This photo taken on February 26 shows a Chinese cook working in a restaurant behind a sign that says "This shop does not receive the Japanese, The Philippines, The Vietnamese and Dog" at the historic tourist district of Houhai in Beijing.
A defiant Beijing restaurant manager refused to apologize Thursday despite removing a "racist" sign barring citizens of states in maritime disputes with China, along with dogs, following an international outcry, AFP reported.
The notice in the window of the Beijing Snacks restaurant read: "This shop does not receive the Japanese, the Philippines, the Vietnamese and dog(s)" in both Chinese and English.
But despite taking down the sign after accusations of racism, the manager said he had no regrets and would not apologize for any offence caused, AFP said.
The manager, surnamed Wang, said it was taken down "because it was a lot of bother".
"I don't have any regrets," he told the newswire. "I was just getting too many phone calls about it."
He seemed surprised at the attention it had generated but said he would not apologize for any offence caused, suggesting it may have been misinterpreted.
"Maybe people misunderstood our meaning... it only said we would not serve customers from those countries," he said.
The restaurant sign provoked an outcry in Vietnam and the Philippines, generating thousands of posts on Vietnamese social networking sites and newspaper comment threads.
A Vietnamese diplomat in China has said the country will respond "appropriately" to the case, BBC Vietnamese reported Wednesday.
The unnamed diplomat did not say what the response would be, but stressed that Vietnam's viewpoint is that mutual respect and friendship has to be maintained.
Filipinos greeted the photo with a mixture of fury and amusement, AFP said. "Blatant racism at Beijing Restaurant," journalist Veronica Pedrosa wrote in one widely-shared tweet.
Meanwhile, speaking to the Tuoi Tre (Youth) newspaper, Zhai Lei Ming, Chinese consul general in Ho Chi Minh City, said the owner's actions were wrong and did not represent a majority of the Chinese people or the Chinese government's viewpoint.
When asked why the local government had not done anything despite the sign being posted for a long time, he said it had not been aware of it.
Responding to another question about the Chinese government's future actions after the case was reported in the media, he said he was just a consul general, not the government or any agency that is supposed to handle it.
The photos were taken by Rose Tang, a former CNN journalist who was born in China but is now based in New York, on February 22 during her trip to Beijing, and posted on her Facebook, Tuoi Tre reported.
As of February 27, one photo which is the close-up of the shop named Beijing snacks in the capital city's Houhai District had been shared by more than 3,700 people.
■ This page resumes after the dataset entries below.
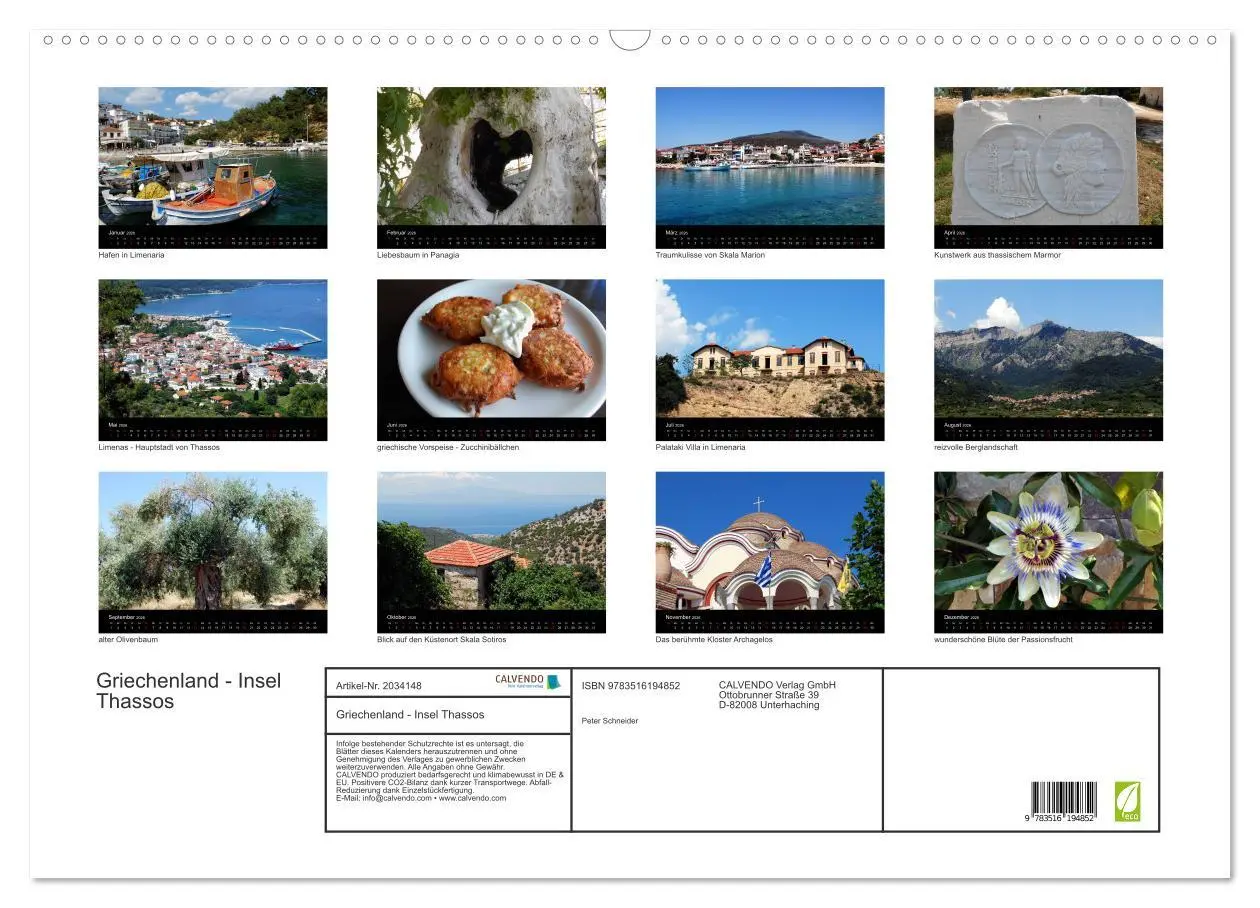 Bild: 9783516194852 | Griechenland - Insel Thassos (Wandkalender 2026 DIN A2 quer),...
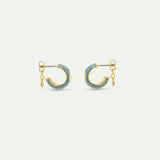 Blue Hoop Post Earrings with Stones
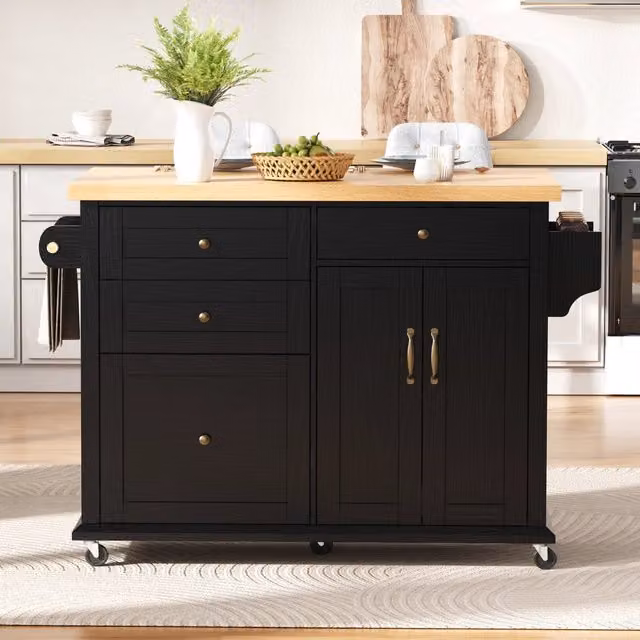 Isola da cucina su ruote con piano estraibile e cassetto 9 scomparti; nero; 107x45-70 cm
The photos have drawn the attention of the international media, which has reported on the restaurant and its racist sign.
According to Tuoi Tre, it is not known when the shop's owner, whose surname is Wang, put up the sign, but it was first mentioned on Chinese social sites like Sina and Weibo in September.
The owner was quoted as saying that he posted the notice to speak his mind, but also preferred that the Japanese, the Filipino and the Vietnamese did not read it.
However, in an interview with BBC Chinese, the shop owner said he is proud of what he has done and that he does not care what people say, the newspaper reported.
Meanwhile, speaking to Tuoi Tre, Tang said that she had posted the photos online because she felt obliged to expose what she called "racism with a twist of nationalism." She hoped that pressure from the public and the media will teach Wang and people like him a lesson.
Many netizens have expressed their outrage on Tang's personal page, calling the sign and the shop owner's attitude "shocking" and "ugly."
In one of the most liked comments, Paul Mooney, a freelance reporter in Beijing, said: "This is the [Chinese] government and Party's fault. They tell lies about other countries and distort history and so Chinese who don't know any better respond with ignorance. Very depressing."
China is currently involved in sea territorial disputes with the Philippines and Vietnam over large areas of the East Sea, internationally known as the South China Sea. China and Japan have a separate dispute over islands in the East China Sea.